Breaking Bad’s fourth season was a season long one-on-one battle between Walt and Gus, focusing on how Walt deals with utter desperation and ultimately prevails.  The first half of the fifth season is about what happens when Walt wins, and there’s no single enemy to pit himself against.

The season begins with a flash forward to Walt’s 52nd birthday, where he’s eating at a diner under a different name. He purchases a serious weapon from the weapons dealer (played by Jim Beaver) from whom he purchased his gun way back in the second episode of the fourth season.  I don’t often like flash forwards, because I think they usually give away more than they add, and I don’t particularly like this one, but I don’t hate it as much I do some others because it doesn’t either give away far too much or seem like a tease.  Too many flash forwards are gimmicks to make you think one thing is happening, only to show you that you were misled, and this at least doesn’t seem like it exists simply to generate cheap suspense.

Breaking Bad has done a good job of introducing and building a couple of new characters each season, and If season 4 was about expanding the character of Gus, season 5 expands the character of Mike.  Mike despises Walt, seeing all too clearly the traits that are likely to bring about Walt’s downfall; the ego, the arrogance, and the need to be noticed.  Jesse is blinded by his viewing of Walt as a father figure, but Mike isn’t.  Mike wants to kill Walt, threatening to do so in the first episode of the fifth season, and would certainly not want to work with Walt ever again, but the writers know a winning character when they see one, so they not unwisely figure out a way to keep Mike in the show.  The writers find two reasons for Walt to stick around. First, because it’s also in Mike’s interest to figure out a way to destroy Gus’s hard drive, and second, because, in a slight Deus a Mike-ina, he realizes he needs to money to keep Gus’s employees from talking as they’re slowly rounded up and arrested, as the money originally set aside for them is taken by the DEA.  Breaking Bad has excelled throughout its runs in finding ways for certain plot points to happen without making them feel forced, and although we knew nothing about the payoffs Mike was making before this season, the reasoning fits in with all the background information we know.
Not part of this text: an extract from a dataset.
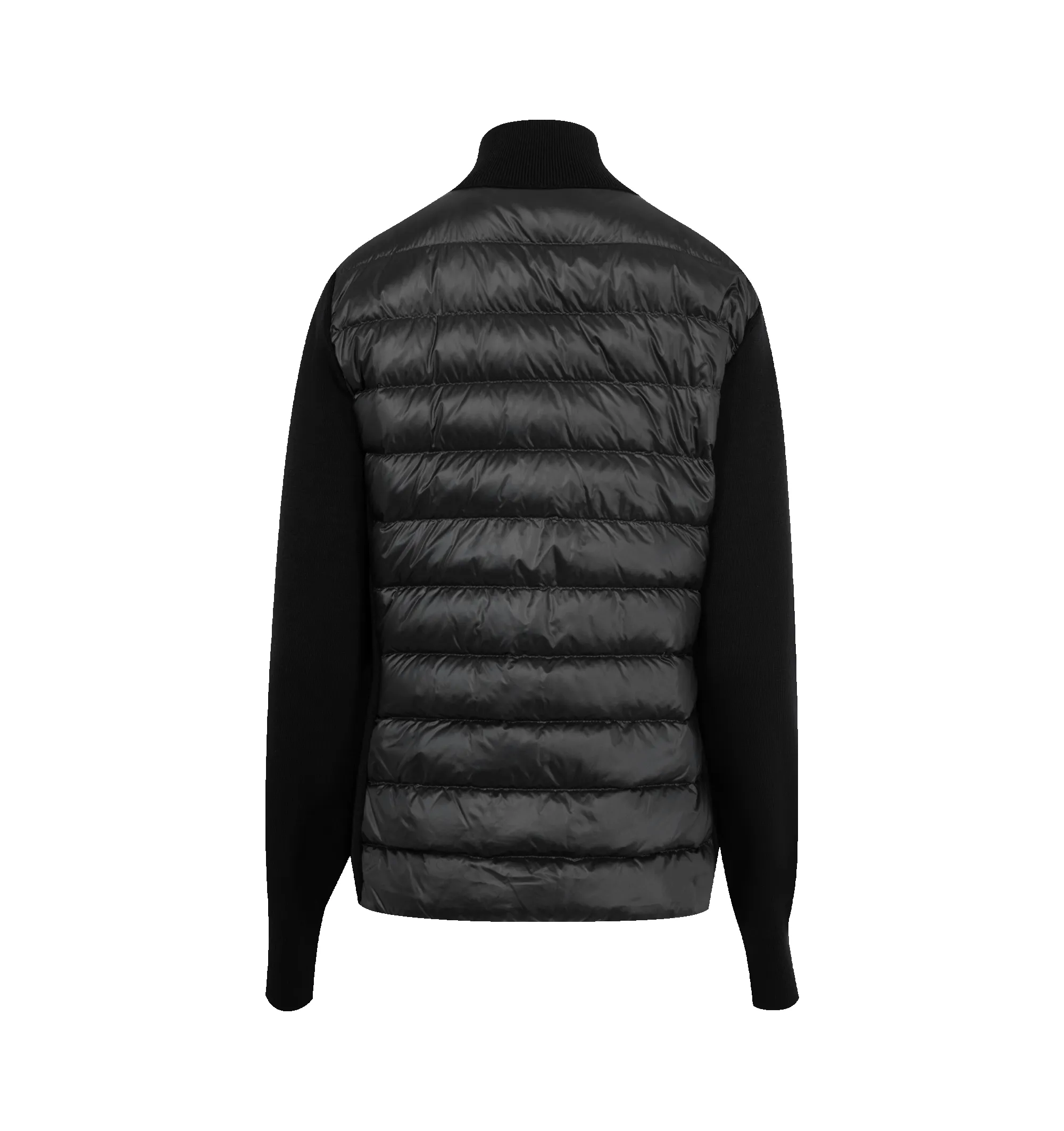 PADDED CARDIGAN (WOMENS) sold by Hirshleifers product image thumbnail 2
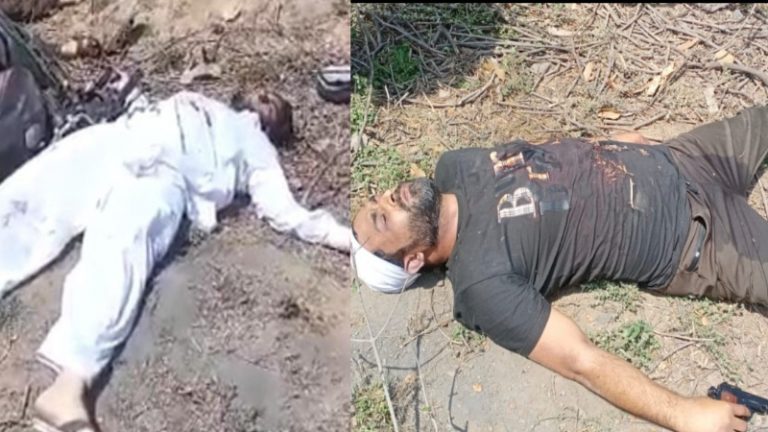 इधर असद का एनकाउंटर, उधर कोर्ट में रोया-चक्कर खाकर गिर पड़ा अतीक अहमद, लगे ‘योगी जिंदाबाद’ के नारेः मीडिया में चल रही खबरें, झाँसी में यूपी STF ने किया ढेर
Mike’s level head continues to provide a contrast to Walt’s fiery ego throughout the season as Mike is reluctantly forced to work with Walt. Naturally, this leads to conflict between Mike and Walt; Walt, as greedy as ever, doesn’t anticipate the extent of the payments coming out of their operation to compensate Mike’s guys and isn’t happy about it.  Walt, the smartest guy in the room, just can’t get it through his thick head how this helps all of them, and as socially stupid as ever, can’t seem to understand the benefit of having a harmonious working relationship at the cost of even a single dollar that’s his.

This is the most caper-happy season, with capers like the magnet ploy of the first episode (obligatory shout out to possibly the best line in Breaking Bad’s history – “Yeah! Bitch! Magnets!”) along with the train robbery, the idea of cooking in the fumigated houses, and to some extent, Walt’s final episode plan to knock off every one of Mike’s guys in prison at the same time.  The train robbery is clearly the capery-ist of these, and while the episode is shot beautifully as always, it seemed a little out of place in Breaking Bad.  They accomplish some incredible feats, and the magnet play fits in line with those, but the train robbery seems one level too far.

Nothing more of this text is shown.